"Last night I dreamt I went to Manderley again...Working as a lady's companion, the heroine of "Rebecca" learns her place. Her future looks bleak until, on a trip to the South of France, she meets Max DeWinter, a handsome widower whose sudden proposal of marriage takes her by surprise. She accepts, but whisked from glamorous Monte Carlo to the ominous and brooding Manderley, the new Mrs DeWinter finds Max a changed man. And the memory of his dead wife Rebecca is forever kept alive by the forbidding housekeeper, Mrs Danvers..."
First things first, don't "click to look inside." Or, feel free, but nothing will happen. This is the Amazon image and it's too late, and I'm too lazy, to edit it. The Virago edition is superb, and can be found on Amazon here.
First things first, don't "click to look inside." Or, feel free, but nothing will happen. This is the Amazon image and it's too late, and I'm too lazy, to edit it. The Virago edition is superb, and can be found on Amazon here.
Ok that's the preliminary bits over and done with. Now, an admission. "Rebecca" is the April text for my book club, and I have never read it before. I hate saying that: people always assume that because I read so much I must have read all of the classics, they seem disappointed when my ignorance is exposed.

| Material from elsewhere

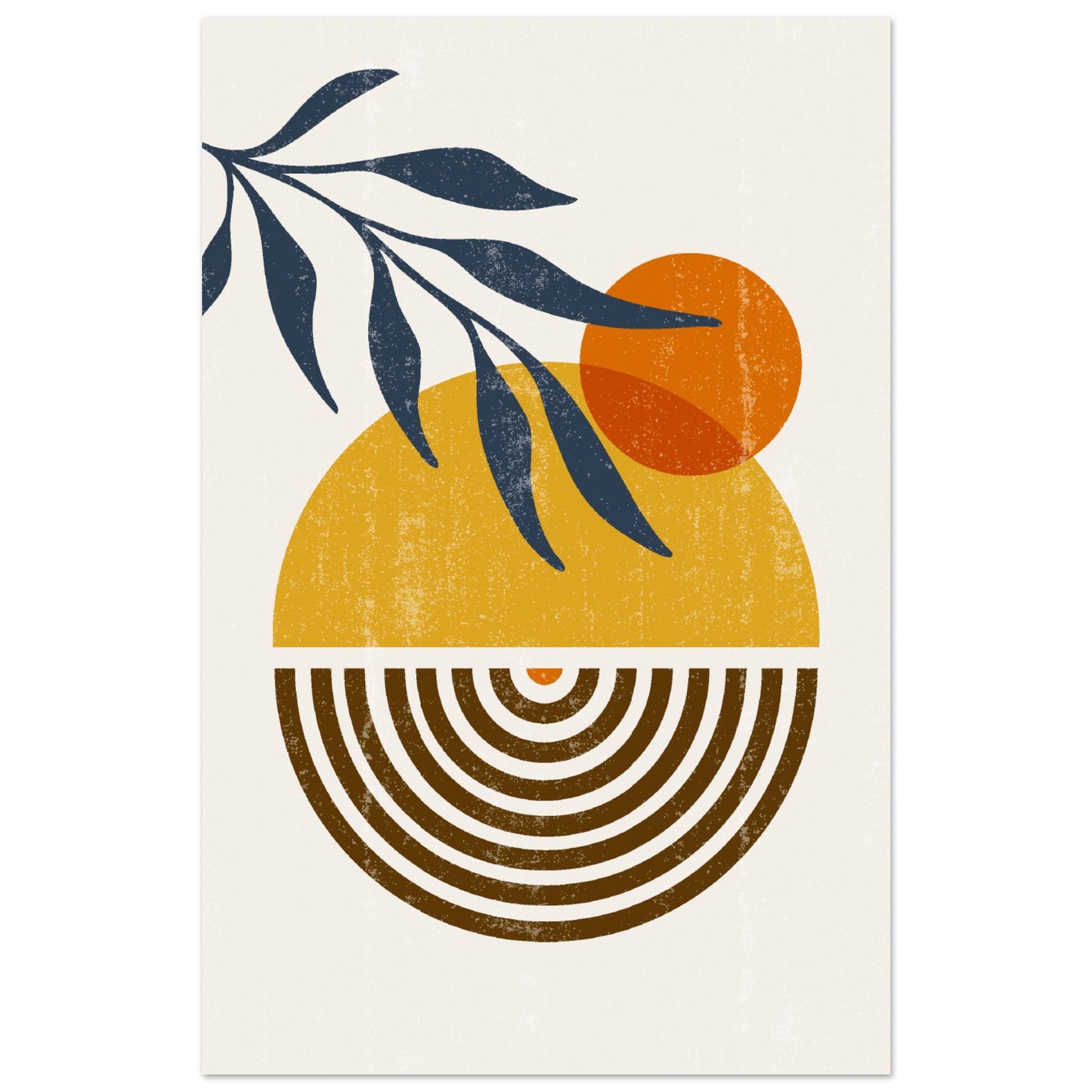 Boho Abstract No:16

The first half of Rebecca deals with the theme of a palpable and suffocating isolation. The unnamed heroine has been dragged to Monte Carlo as the companion of the insufferable Mrs Van Hopper, embarrassed by her patron's vulgarity but forced to endure it by her lowly position. Even when enjoying the attentions of Maxim DeWinter she is out of place, he has other things on his mind, and she is a lost little girl clinging to affection. When they reach glorious Manderley Mrs DeWinter's isolation is even more pronounced: through long, languid descriptions of the gardens, the coast, the house, we are immediately aware that Rebecca is still the presiding influence in the house, and the terrifying Mrs Danvers loses no opportunity to exploit her mistress's timidity. Mrs DeWinter's reticence can at times be very frustrating: but her utter spinelessness is, after all, what contrasts her with Rebecca. It's why Maxim married her, and it throws Rebecca's larger than life character into even sharper relief.
The second half of the book deals with Max's attempts, with his wife's devoted support, to literally get away with murder. Mrs DeWinter's desperate quest for affection is here thrown into the spotlight: Maxim's crime means he belongs to her, and she vindicates him without a moment's hesitation. The heroine certainly feels this to be an empowering experience: she gains courage, starts to act like the mistress of the house, and begins to plan a future in which her own tastes and desires rule Manderley. This part of the book can be very disturbing. There certainly is an element of empowerment: Maxim puts his fate in his wife's hands, however it can also be read as a complete submission to Maxim's will, with affection as the reward. When you look back to the flash-forwards at the start of the novel this second reading becomes more dominant: Mrs DeWinter will continue to live to please Maxim, not reminding him of Manderley, not satisfying her own wishes, the two living in purgatory for their crimes.
The characters of the book also have their fates divided into two by the dominant event: the fate of Rebecca. In the first half of the novel the characters tip toe around each other, all with palpable secrets and guilt, none wishing to share or support. In the second half of the book their secrets are exposed and their frailty allows the heroine to feel a sense of superiority and power over them. The pairing of Rebecca and the heroine is endlessly intriguing and could fuel a book in itself: one never seen, with a superhuman presence, named and fearsome; the other seen but shrinking, nameless and impotent. the duality of these individuals throughout the book is its greatest triumph.
In its plot, and its central themes of isolation, guilt and redemption "Rebecca" has drawn unfavourable comparisons to Jane Eyre. I am not a fan of Charlotte Bronte. Bronte's style may be more elevated but DuMaurier's interplay between her two women, their imagined conflicts, the clash of the two personalities, and the machinations of Rebecca's sinister agent Mrs Danvers, serve to create a much greater tension, and to never see Rebecca allows us to draw our own conclusions about her conduct and her fate, she is a much more powerful creation, in all senses, than Bertha.
I absolutely loved this book. Yes, it's a gothic romance, sometimes clumsy, sometimes ridiculous, but hauntingly beautiful in its exploration of female power.